China Calls for English Translation Change: Dragon to ‘Lóng’
As the Year of the Blue Dragon approaches, there is a growing call to change the official English translation of the Chinese dragon from “dragon” to “lóng” in China.
Yangtze Evening Post reported on the 7th (local time) that many Chinese school textbooks currently translate the dragon as it is. Still, with the Year of the Dragon approaching, the state-run media has been translating it as “lóng” more frequently.
CGTN, the English channel of China’s state-run CCTV, translated the Year of the Dragon as “Lóng Year” and the dragon dance as “Lóng Dance” in a news report about an event on the 9th of last month.
The first time the dragon was marked as “lóng” dates back to 1809. At that time, a British missionary translated the sound of the dragon as “lóng” while translating the Analects.
Some scholars have argued for about 20 years that “lóng” is the correct translation. Huang Ji, an associate professor of communications at Huadong Normal University, said in 2006 that the dragon should not be translated as “lóng”, and during the Two Sessions (the National People’s Congress and of the Chinese People’s Political Consultative Conference) in 2015, a political consultative committee member officially proposed to clarify the English translation of the dragon.
The local response to “lóng” is positive. In an online survey by the WeChat account Shanghai Wenlian, 9 out of 10 Chinese netizens chose “lóng.”

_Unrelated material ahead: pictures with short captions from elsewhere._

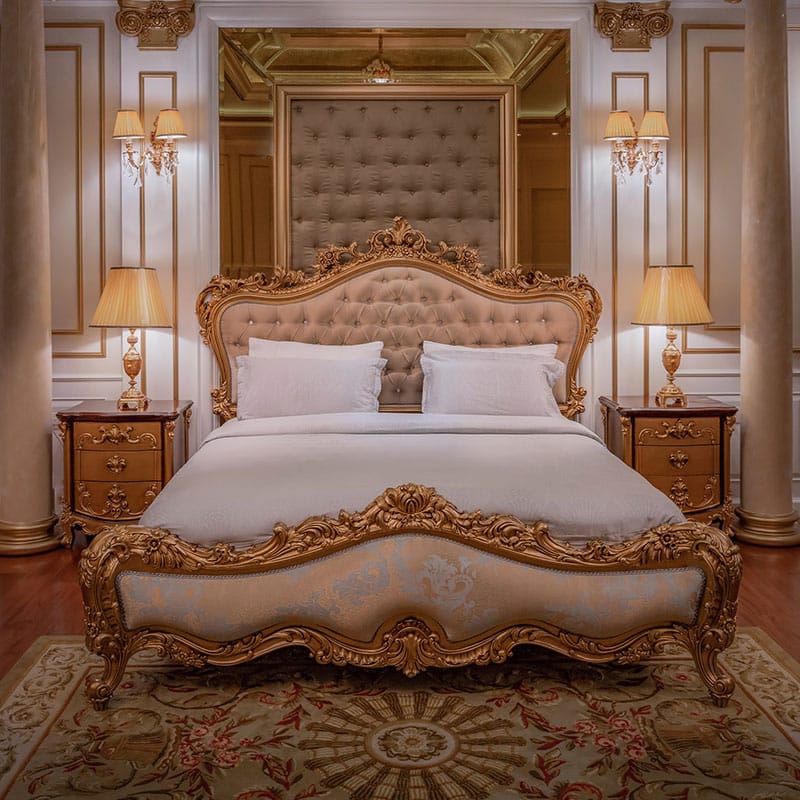 Royal looking Bed with Ultra Luxury side tables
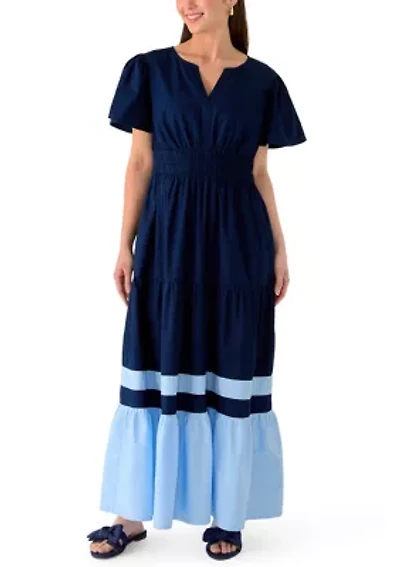 Petite Short Sleeve Waisted Midi Dress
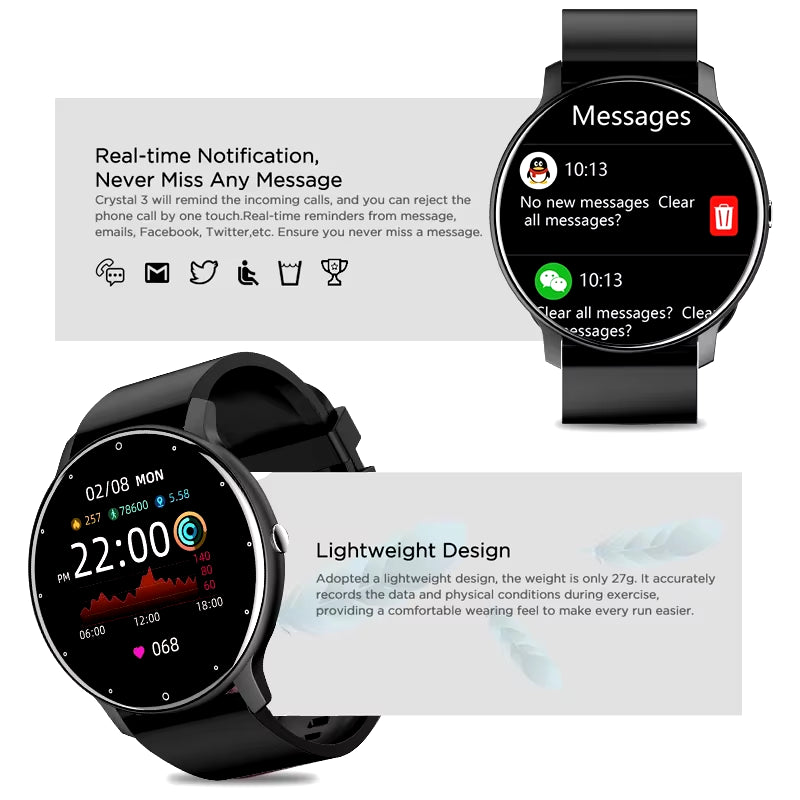 2024 Smart Watch Women Men Lady Gift Sport Fitness Watches Heart Rate Monitor Waterproof Smartwatch for Xiaomi Android IOS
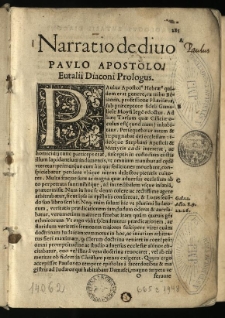 [Enarrationes vetustissimorum theologorum : in Acta quidem Apostolorum & in omnes d. Pauli ac Catholicas epistolas ab oecumenio: in Apocalypsim vero ab Aretha Caesarea Cappadocia episcopo magna cura collecta / Iohanne Hentenio interprete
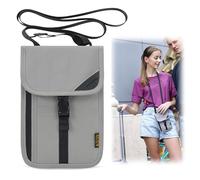 Ltsbaed Pochette Voyage Tour de Cou Unisexe, Gris Clair Pochette Voyage Documents avec Sécurité de Blocage RFID, Multifonction Sac de Passeport Imperméable pour Eléphone,Téléphone, Passeport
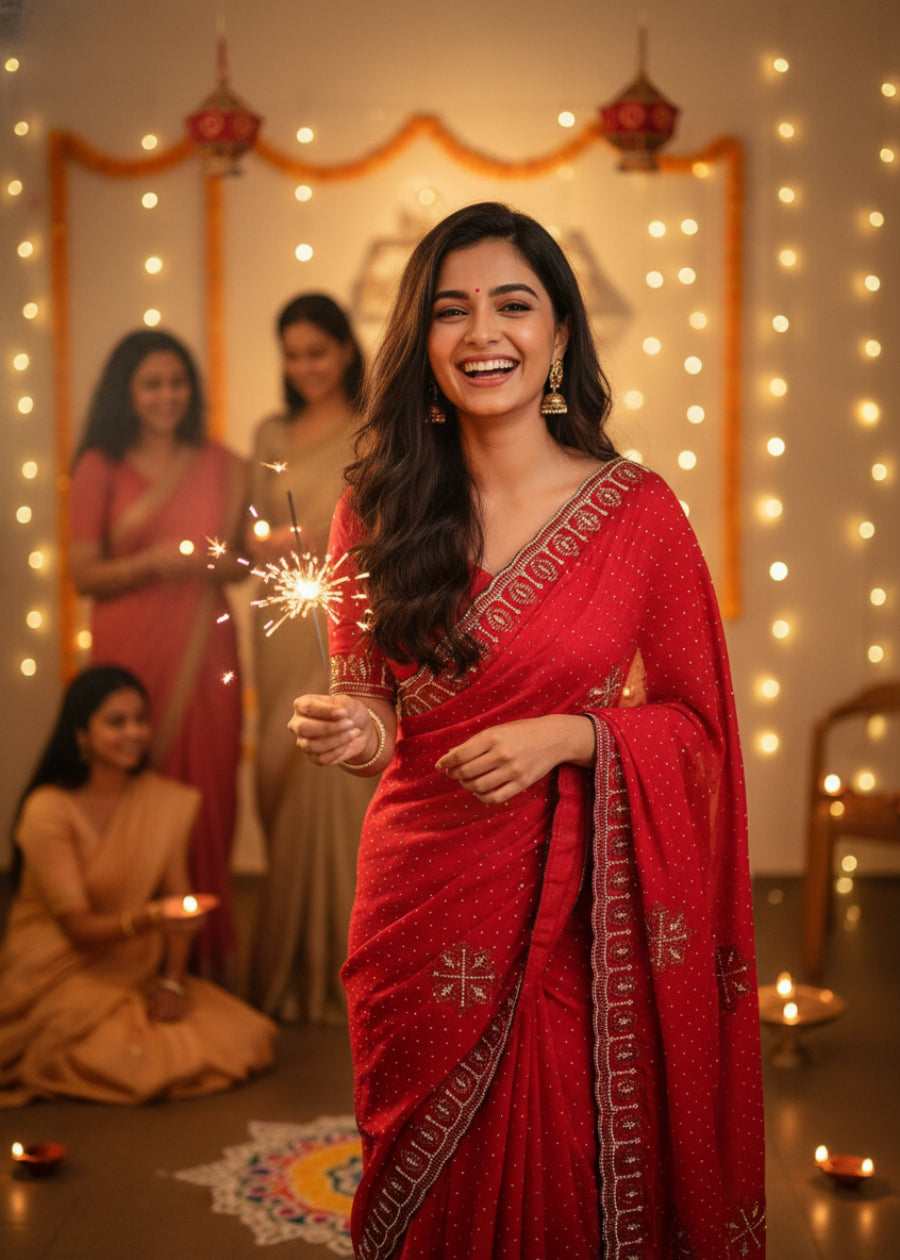 Diwali Special Bright Red Designer Saree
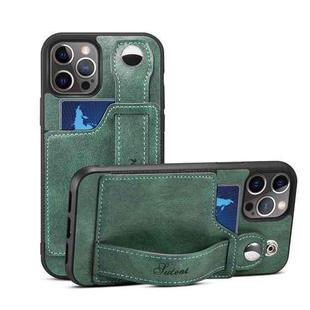 For iPhone 13 Pro TPU + PU Leather Shockproof Protective Case with Card Slots and Hand Strap (Green)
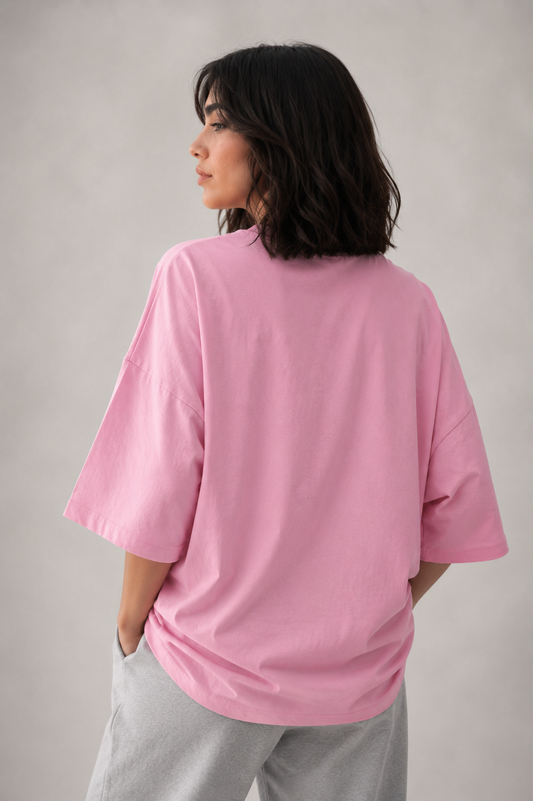 260 GSM UNISEX BABY PINK COTTON OVERSIZED TSHIRT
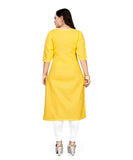 Women's Cotton Soild A-Line Kurti (Yellow) - GillKart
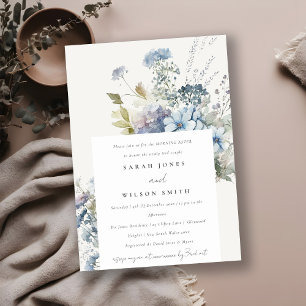 Dusky Blue Watercolor Hütte Blumenbeete Morgens Einladung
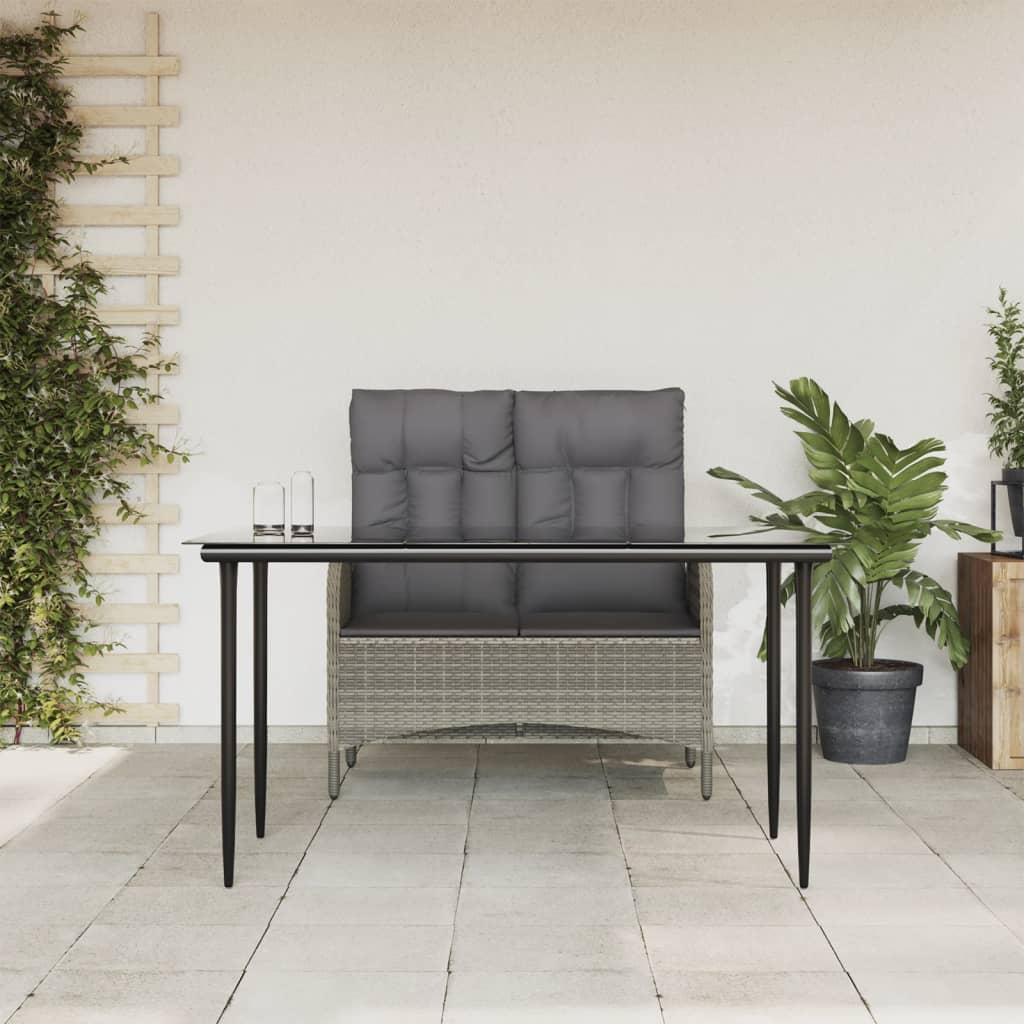 2-delige Tuinset met kussens poly rattan grijs is nu te koop bij PeponiXL, paradijselijk wonen!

Meanwhile, it is believed that the Western dragon and the Chinese “lóng” are entirely different in China.
The reason is that while in East Asia, the dragon usually signifies luck, the dragon in the West often symbolizes evil. In East Asia, the dragon is often depicted without wings and in colors like gold, while in Western Asia, the dragon is frequently drawn with large wings and is usually black.